Von Herbie Hancocks "Cantaloupe Island", das in der Acid-Jazz-Version von US3 einst Titelmelodie der Talkshow "Willemsens Woche" war, führte die Reise über Afghanistan, Afrika, Amerika, Tonga und Japan bis ins Weltall. Das Publikum erfuhr, wie ein afghanischer Dorfältester auf die Frage nach dem Frieden antwortet: "Ihr habt die Uhr, wir haben die Zeit", wie der an der Glasknochenkrankheit leidende Pianist Michel Petrucciani es schafft, den in einer Höhle lebenden Saxophonisten Charles Lloyd in die Welt des Jazz zurückzuholen, und wie Willemsen die russischen Kosmonauten Krikaljow und Wolkow interviewt, für deren Rückkehr auf die Erde sich nach dem Zerfall der Sowjetunion niemand zuständig fühlt.

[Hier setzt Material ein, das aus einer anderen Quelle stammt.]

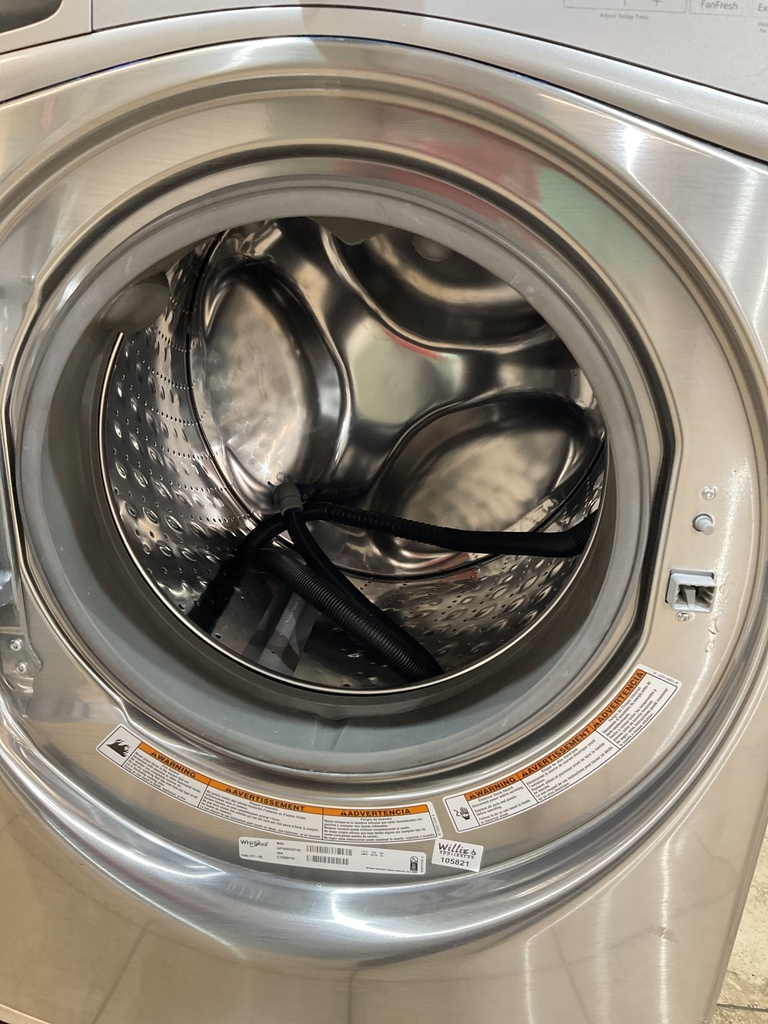 Whirlpool Used Washer Front-load 27inches (Grey)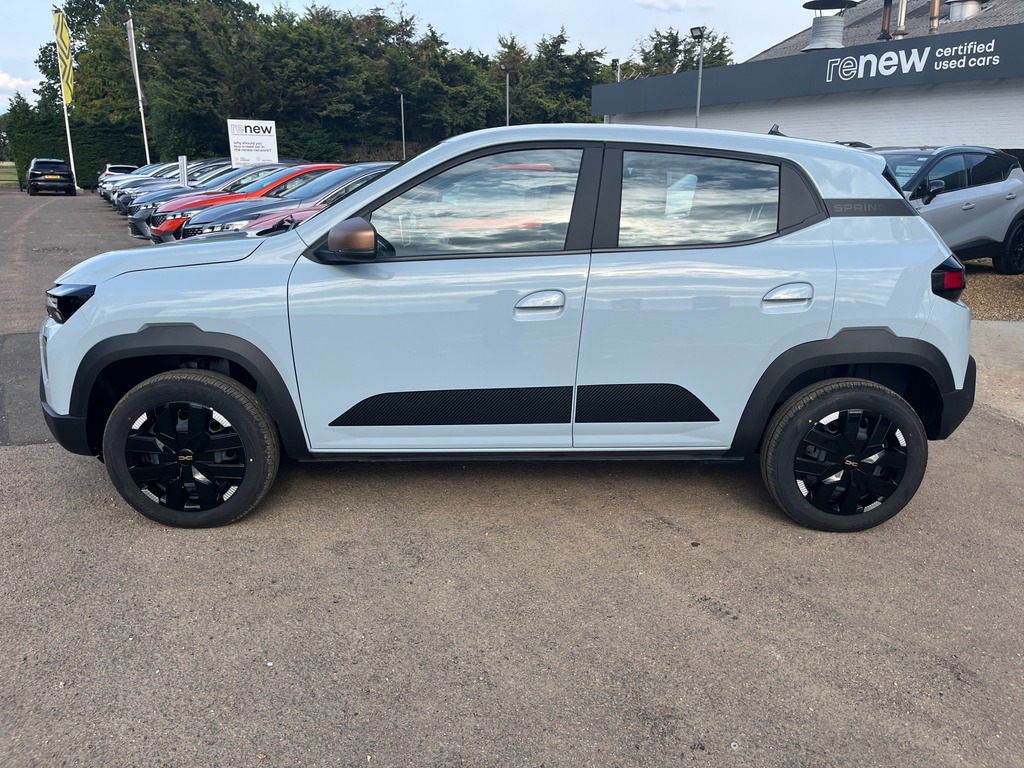 Dacia Spring Extreme Blue #4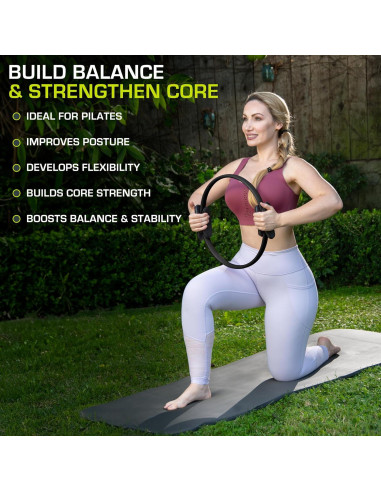 Anillo de Resistencia ProsourceFit 35.56 cm para Pilates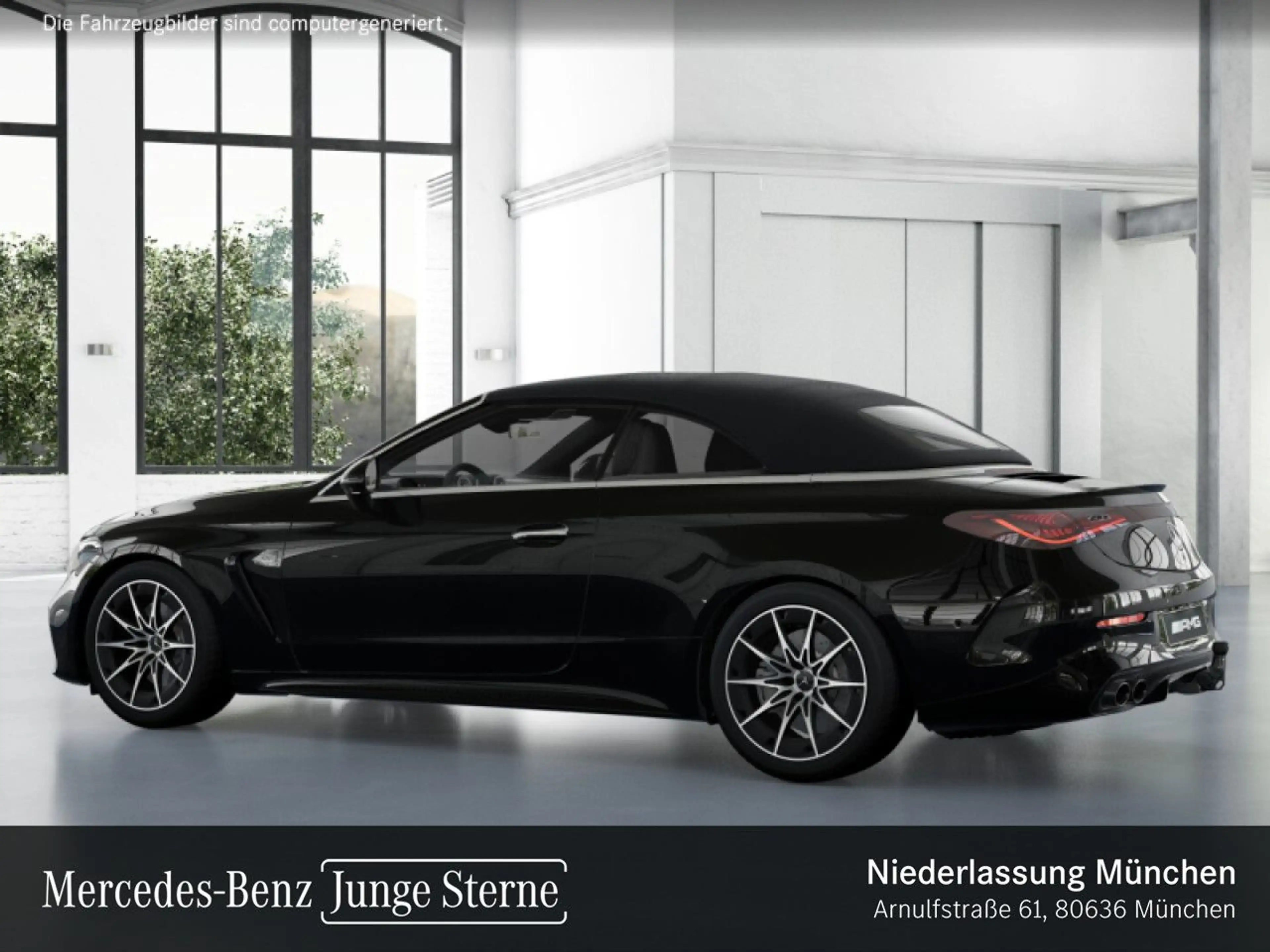 Mercedes-Benz CLE 53 AMG CLE 53 4M NIGHT+DRIVERS+360+AHK+STHZG+KEYLESS+9G — photo 14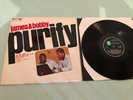 JAMES & BOBBY PURIFY  - JAMES & BOBBY PURIFY LP 1967 UK STATESIDE  SL10206  N/M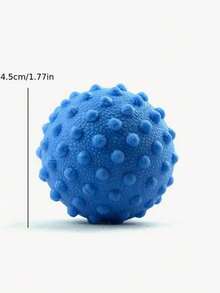 1pc Massage Ball Foot Massager Body Fascia Muscle Relaxation Leg Hand Leg Massage Roller Yoga Fitness Health Care Tool - Multicolor - View 9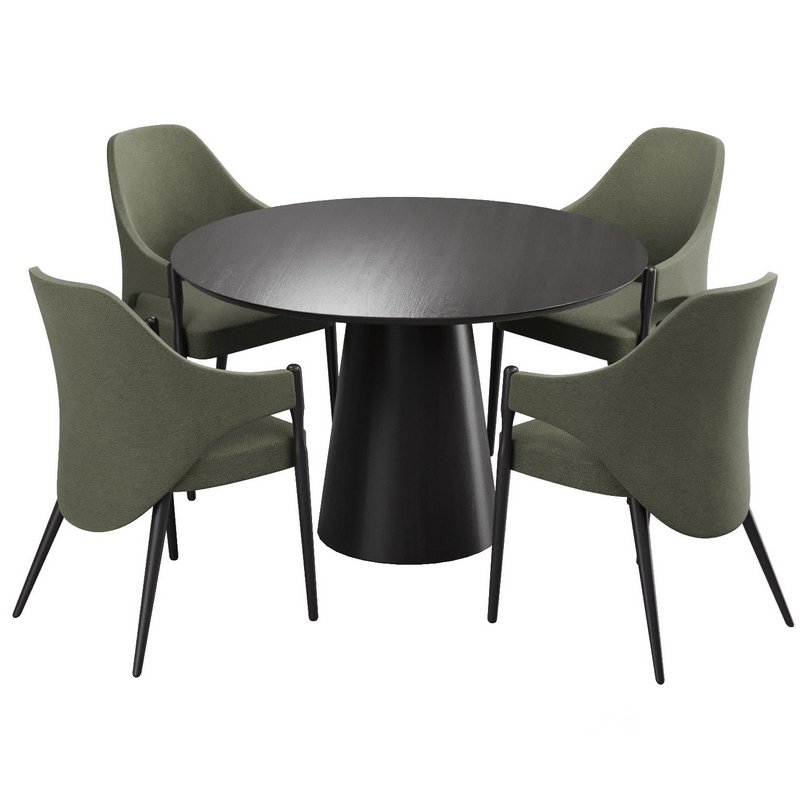 Dinning chair and table211 Image 3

Es müssen jedoch nicht immer ferne Länder Ziel einer Reise sein, oft ist es auch das Zu-sich-selbst-Kommen durch eine Begegnung, eine Umarmung. Und dass man sogar solche Veranstaltungen bereisen kann, wird die Ausstrahlung des Mitschnitts (am 7. August um 21.05 Uhr auf WDR 5) zeigen.